Ross Ridge (Sat, 21 Feb 2009 18:06:35 -0500)
No, the original post demonstrates you don't have include MIME headers for
ISO 8859-1 text to be properly displayed by many newsreaders. The fact
that your obscure newsreader didn't display it properly doesn't mean
that original poster's newsreader is broken.
And how is this kind of assuming better than clearly stating the used
encoding? Does the fact that the last official Usenet RFC doesn't
mandate content-type headers mean that all bets are off and that we
should rely on guesswork to determine the correct encoding of a
message? No, it means the RFC is outdated and no longer suitable for
current needs.
HTTP requires the assumption of ISO 8859-1 in the absense of any
specified encoding.
Which is, of course, completely irrelevant for this discussion. Or are
you saying that this fact should somehow obliterate the need for
specifying encodings?
Newsreaders assuming ISO 8859-1 instead of ASCII doesn't make it a guess.
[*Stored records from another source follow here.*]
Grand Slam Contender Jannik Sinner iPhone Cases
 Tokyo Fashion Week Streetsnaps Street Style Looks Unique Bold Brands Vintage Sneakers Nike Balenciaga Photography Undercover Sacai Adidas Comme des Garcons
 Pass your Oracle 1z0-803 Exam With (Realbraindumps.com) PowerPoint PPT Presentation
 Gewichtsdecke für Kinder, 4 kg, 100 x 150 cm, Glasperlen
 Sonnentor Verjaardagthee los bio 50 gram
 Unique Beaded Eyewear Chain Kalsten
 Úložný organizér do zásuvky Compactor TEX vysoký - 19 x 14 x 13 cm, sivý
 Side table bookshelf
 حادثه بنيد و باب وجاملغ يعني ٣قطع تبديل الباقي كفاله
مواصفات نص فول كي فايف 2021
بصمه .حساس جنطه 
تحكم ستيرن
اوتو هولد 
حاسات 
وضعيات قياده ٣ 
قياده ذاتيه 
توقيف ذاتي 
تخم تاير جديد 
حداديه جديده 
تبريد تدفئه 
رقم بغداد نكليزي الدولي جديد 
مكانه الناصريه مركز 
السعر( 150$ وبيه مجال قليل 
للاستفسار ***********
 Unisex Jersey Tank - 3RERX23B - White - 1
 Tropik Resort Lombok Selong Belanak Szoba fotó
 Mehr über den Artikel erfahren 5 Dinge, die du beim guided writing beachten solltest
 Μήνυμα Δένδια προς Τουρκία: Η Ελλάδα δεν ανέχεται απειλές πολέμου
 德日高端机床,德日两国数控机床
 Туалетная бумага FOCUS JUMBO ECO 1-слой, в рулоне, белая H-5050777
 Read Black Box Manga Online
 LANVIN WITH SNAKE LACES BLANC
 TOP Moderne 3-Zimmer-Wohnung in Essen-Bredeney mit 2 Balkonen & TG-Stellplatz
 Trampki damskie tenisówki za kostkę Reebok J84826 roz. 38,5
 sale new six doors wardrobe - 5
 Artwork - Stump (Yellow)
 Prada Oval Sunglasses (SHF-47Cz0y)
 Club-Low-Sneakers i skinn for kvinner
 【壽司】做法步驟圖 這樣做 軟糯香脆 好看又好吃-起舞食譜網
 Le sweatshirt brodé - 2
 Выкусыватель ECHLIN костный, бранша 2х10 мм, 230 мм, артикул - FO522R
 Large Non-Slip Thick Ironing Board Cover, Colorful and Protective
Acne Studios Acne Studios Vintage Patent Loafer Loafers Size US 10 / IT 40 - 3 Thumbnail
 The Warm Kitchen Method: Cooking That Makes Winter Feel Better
It's just a different assumption, nor does making an assumption, ASCII
or ISO 8850-1, give you any certainty.
Assuming is another way of saying "I don't know, so I'm using this
arbitrary default", which is not that different from a completely wild
guess.
Which is reasonable given that Python is programming language where it's
better to have more conservative assumption about encodings so errors
can be more quickly diagnosed. A newsreader however is a different
beast, where it's better to make a less conservative assumption that's
more likely to display messages correctly to the user. Assuming ISO
8859-1 in the absense of any specified encoding allows the message to be
correctly displayed if the character set is either ISO 8859-1 or ASCII.
Doing things the "pythonic" way and assuming ASCII only allows such
messages to be displayed if ASCII is used.
Reading this paragraph, I've began thinking that we've misunderstood
each other. I agree that assuming ISO 8859-1 in the absence of
specification is a better guess than most (since it's more likely to
display the message correctly). However, not specifying the encoding
of a message is just asking for trouble and assuming anything is just
an attempt of cleaning someone's mess. Unfortunately, it is impossible
to detect the encoding scheme just by heuristics and with hundreds of
encodings in existence today, the only real solution to the problem is
clearly stating your content-type. Since MIME is the most accepted way
of doing this, it should be the preferred way, RFC'ed or not.